When you wake up, three states are possible:

  • The agent finished. A draft PR is open. You review the diff, tap your passkey, the gate releases the merge.
  • The agent is paused on a gate. It hit a git push or a deploy and is waiting for your approval. You either approve or reject; the agent picks up from there.
  • The agent stopped on an error. Persistent state on the workstation makes recovery cheap. You re-attach, see what blew up, give the agent a follow-up prompt or restart from a known-good branch.

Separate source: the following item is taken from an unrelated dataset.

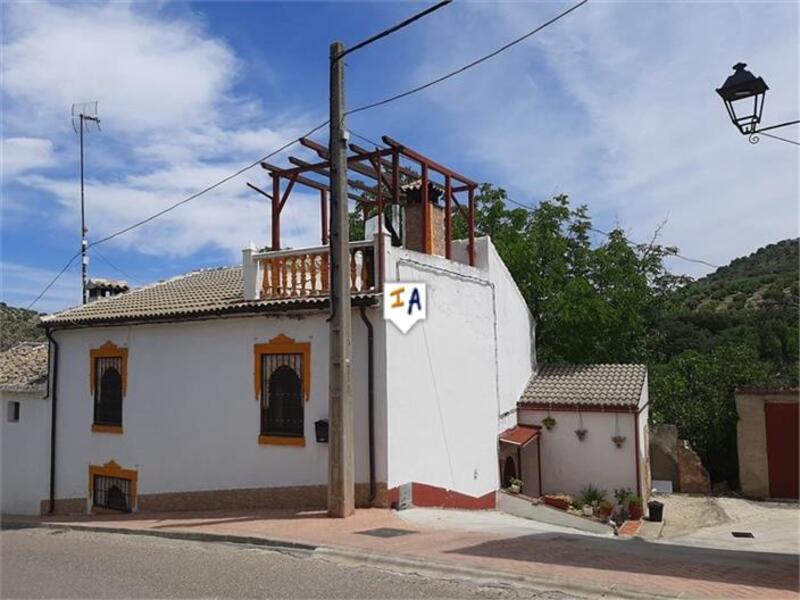 Byhus til salg i Almedinilla, Córdoba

In all three cases, the lid problem doesn't apply. The agent's progress doesn't depend on whether you closed your laptop.

When this isn't worth it

If your refactor takes 30 minutes, you don't need an overnight run. Sit at the keyboard, run the agent locally, watch it work.

If your refactor needs human judgment at every step (architecture choices, naming taste, product decisions), an unattended run will produce a PR you have to redo.

The sweet spot is mechanical-but-tedious: thousands of small, similar changes; a clear acceptance criterion (tests pass, types check, lints pass); the kind of work where the agent's per-step quality is good enough but the volume is too much for a focused session.

See also

How long can a single agent run go?

Hours. Days, in principle. Ellul workstations are persistent and don't time out at 24 hours like ephemeral sandboxes do. The actual limit is the agent's own context budget and the size of the work.

What if the agent fails halfway through?

The workstation persists. The agent's branch, its scratch files, its context: all of it stays. You can re-attach in the morning, see what happened, and either resume or restart.

Will it cost me a fortune in API tokens?

BYOK: you bring your own Anthropic / OpenAI / Google key. Your token budget is yours. Ellul charges only for the workstation ($20/mo Hobby, $50/mo Pro).

Can the agent open the PR and merge it?

Yes for opening the PR. Merging (and any other privileged action) pauses on the passkey gate. The agent literally cannot merge until you tap. That's the point of the gate.

How is this different from running it in CI?

CI is for tasks you can fully specify. Refactors with thousands of small judgment calls don't fit that shape. The agent does the judging; the gate enforces the boundaries.